In the simulations described below, for each choice of correlation parameter \(\rho \) and sample size N, we learn both a random forest and a single layer neural network with 20 hidden nodes (randomForest and nnet, respectively, in R). We then evaluated the variable importance \(\text{ VI}^{\pi }\) as given above using the training data. For random forests we also obtained the original out-of-bag importance measures \(VI^o_j\) implemented in importance; these differ from \(VI^{\pi }_j\) in being evaluated from out-of-bag residuals for each tree and are thus specific to bagging methods.

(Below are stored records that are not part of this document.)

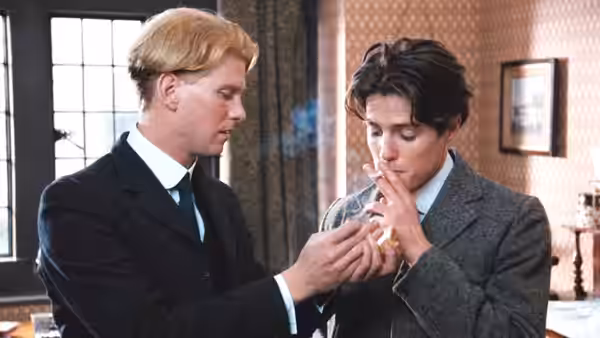 Clive Durham (Hugh Grant) lights a cigarette for Maurice Hall (James Wilby) indoors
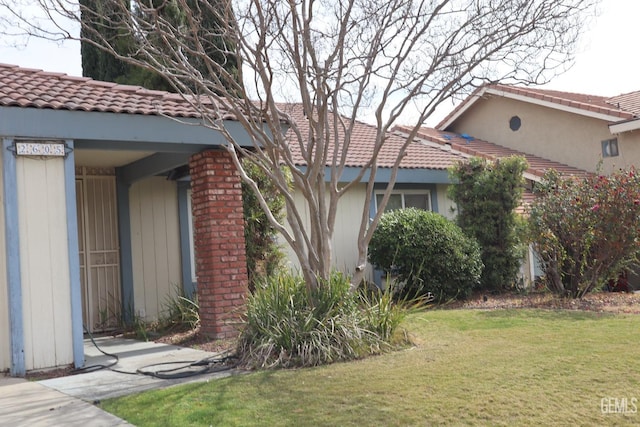 view of home's exterior with a tiled roof and a lawn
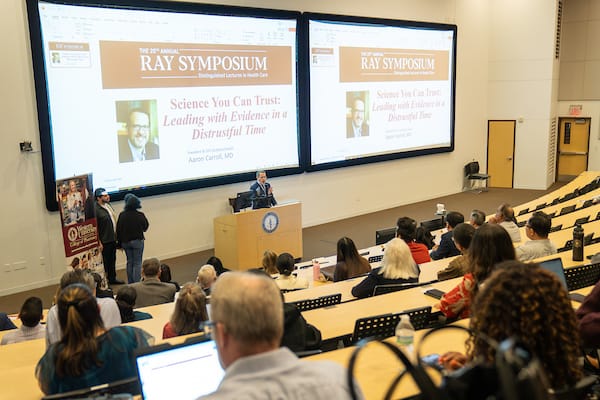 A speaker presents at the Ray Symposium in a lecture hall, with an audience seated and a presentation titled "Science You Can Trust: Leading with Evidence in a Distrustful Time" displayed on screens.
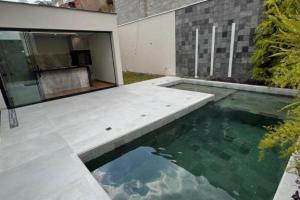 VENDO EXCELENTE CASA "CONCEITO MODERNO" NO RESIDENCIAL TIRADENTES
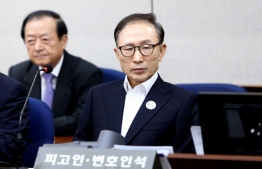 (FILES) In this file photo taken on May 23, 2018 former South Korean president Lee Myung-Bak (R) attends his trial at the Seoul Central District Court in Seoul. - Lee was ordered back to prison on October 29, 2020 as the country's Supreme Court upheld a 17-year jail term for bribery and embezzlement offences. (Photo by Chung Sung-Jun / POOL / AFP)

Additionally, we recorded the partial dependence of f on \(x_1\) and \(x_2\) for each model as well as the ICE for 11 observations with the ith observation taken at \(x_{i1} = x_{i2} = (i-1)/10\) and the remaining \(x_{i3},\ldots ,x_{i10}\) generated uniformly but kept constant across all simulations. These values were chosen so that the reference points were always in the bulk of the feature distribution. We simulated each data set with associated learned function f, feature importances and plots, 50 times and report the average over these simulations in order to reduce variability in the results.

3 Simulation results

In order to ensure that scaling does not affect our results, we report the importance rank of each feature: for each simulation we order the importance of the features from least to greatest and record the position of the feature in this list. That is, features deemed most important are given the highest rank. This is commonly employed in screening methods where only the most important features are retained.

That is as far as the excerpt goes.